What to work on
All of the lines below are to be transcribed faithfully, with pictures excluded from the copy.

[Recorded data]

============

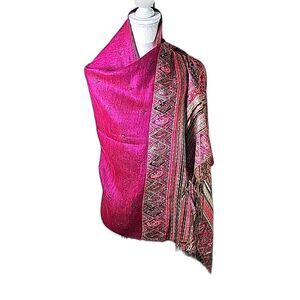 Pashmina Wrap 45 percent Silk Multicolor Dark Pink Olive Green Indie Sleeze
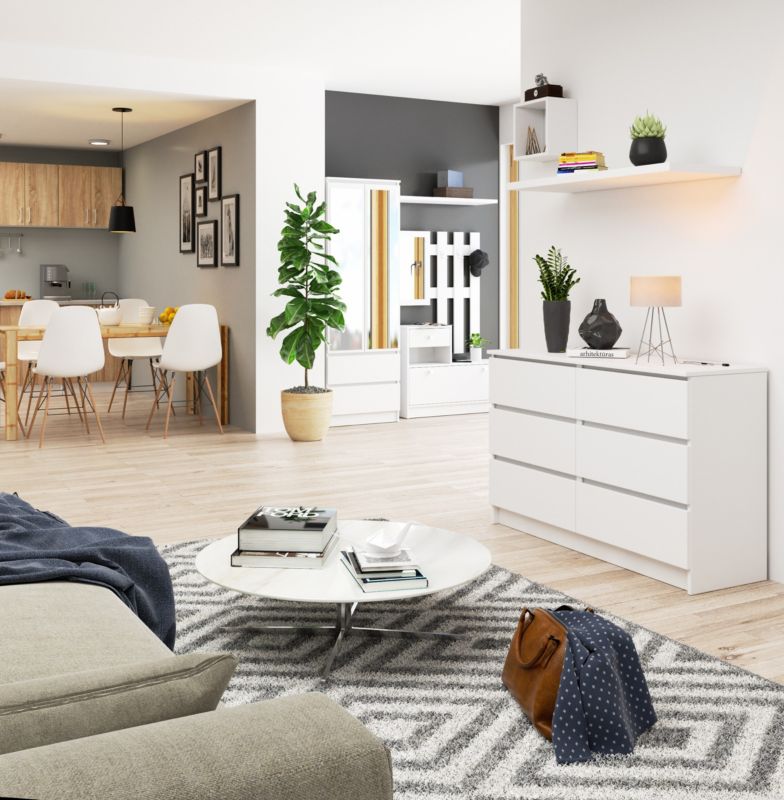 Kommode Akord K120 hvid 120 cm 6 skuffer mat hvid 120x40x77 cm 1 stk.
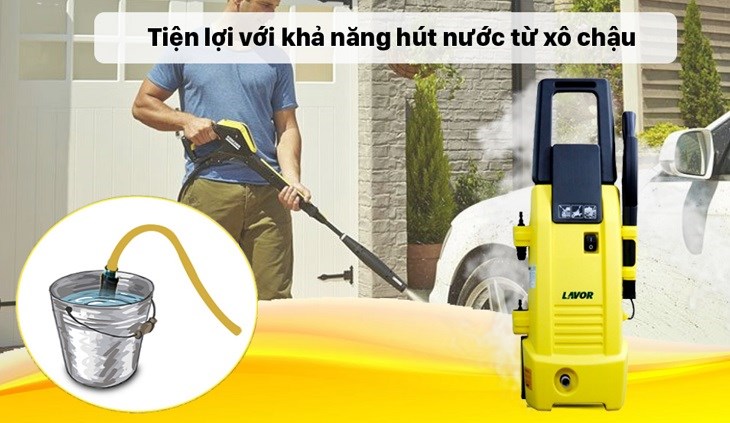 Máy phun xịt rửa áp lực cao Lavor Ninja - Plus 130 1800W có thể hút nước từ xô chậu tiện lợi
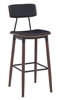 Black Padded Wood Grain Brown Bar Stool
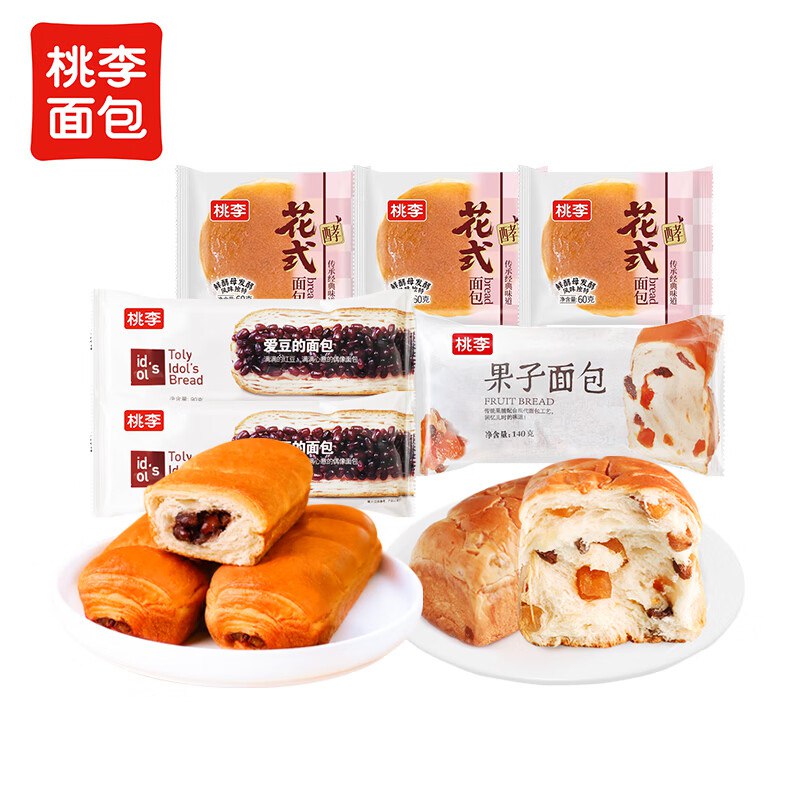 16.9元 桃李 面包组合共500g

============

Solution to this exercise
 Pashmina Wrap 45 percent Silk Multicolor Dark Pink Olive Green Indie Sleeze
 Kommode Akord K120 hvid 120 cm 6 skuffer mat hvid 120x40x77 cm 1 stk.
 Máy phun xịt rửa áp lực cao Lavor Ninja - Plus 130 1800W có thể hút nước từ xô chậu tiện lợi
 Black Padded Wood Grain Brown Bar Stool
 16.9元 桃李 面包组合共500g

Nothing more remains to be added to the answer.